Mom’s apartment was carved out of the old master bedroom, bath, dressing room, and study. There hadn’t been any furniture at Windsholme since the Great Depression, when it had all been carried off by family members or sold. So far, both Mom and I had furnished our apartments with the bare minimum of what was needed. Our tastes weren’t rich, but the added expense of getting everything out to the island on a barge meant we had to be as efficient as possible. Mom had decorated her place in feminine pinks and greens, different from our house in Busman’s Harbor, which was not so much decorated as made livable by a mishmash of family donations going back to when I was a baby.

One piece Mom had brought over was a beautiful mahogany drop-front desk. When we reached her apartment, she gestured for me to sit on her new sofa while she retrieved a folded piece of printer paper from one of the cubbies. She brought it over and sat with me on the couch. She didn’t hand me the paper right away. Instead, she stared at the pale green area rug under her feet and worked her jaw, as if thinking of what to say, or more likely how to say it.

I let this go on for a few moments before deciding she needed help. “You seemed uneasy today,” I said gently.

Finally, she looked at me. “I was. Most uneasy. What did you think of Ginny’s house?”

“It seemed great,” I answered. “A lovely summer home. A house for a happy family.”

“And the interior?” Mom prompted.

“The interior?” I wasn’t sure what she was getting at. “Neat. Clean. Kind of sterile,” I added on second thought.

“Exactly,” Mom said. “When I visited there as a teenager, the house was chockablock full of stuff—books, puzzles, antiques. Four generations of Merrills had lived there and I don’t think any of them ever threw anything away.” She stopped talking, as if she’d made a point.

“Mom, that was fifty years ago. Presumably, when you visited back then, the house looked like Ginny’s parents wanted it to. Ginny could have had a whole other style. She had decades to clear it out.”

Mom gave her head one sharp shake. “Not the Ginny I knew. She loved that old house. And the cluttered, cozy feeling it had.”

“People change,” I countered.

“Do they?” Mom’s bright blue eyes drilled into mine. “Besides, Ginny didn’t know she was going to die that day when she went into the water. Why was everything so tidy?”
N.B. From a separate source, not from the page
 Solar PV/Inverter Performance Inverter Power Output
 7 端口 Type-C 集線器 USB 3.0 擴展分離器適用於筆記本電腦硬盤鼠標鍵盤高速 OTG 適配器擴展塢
“Maybe she was tidy. She lived alone. It’s not like there would have been much mess.” I thought for a minute. “Someone must have gone there when she didn’t come back and at least emptied the refrigerator and the trash.”

“Exactly!” Mom agreed. “The members of the Wednesday Club have been over there ‘tidying up,’ as Kitty would call it. Who knows what they’ve thrown away or taken for themselves? And by whose authority?”

By the time she’d spit out the last word, I was sitting back on the couch, regarding my mother with concern. She was never one to care about things that weren’t her business, and she hadn’t seen Ginny Merrill in decades. What on earth had brought this on?

“Mom, look, I know you’re feeling guilty, or sad, or regretful.” I groped for the right word, though I was only guessing at her feelings. “But you’re grasping at straws. Why is the state of the house bothering you so much?”

“Because of this.” Mom thrust the folded paper at me. I opened it. It was a printed email message to Mom’s address from [email protected]. It was dated five days before Ginny disappeared.

“Dearest Jacqueline,” it read, “I know this is your busy season at the Clambake, but if I could prevail on you to visit me on Chipmunk Island? Or I could come to you. I have something I want to discuss with you. Please let me know whatever would be convenient for you.”

I refolded the paper. “You didn’t meet her.”

“I didn’t even respond.” Mom’s voice was thick with regret. “It was that first summer I was back working at the Clambake after your father died. I figured I’d find someone who could take over my job for a day and then get back to Ginny with a date. I hadn’t gotten anything organized when I heard she was missing.”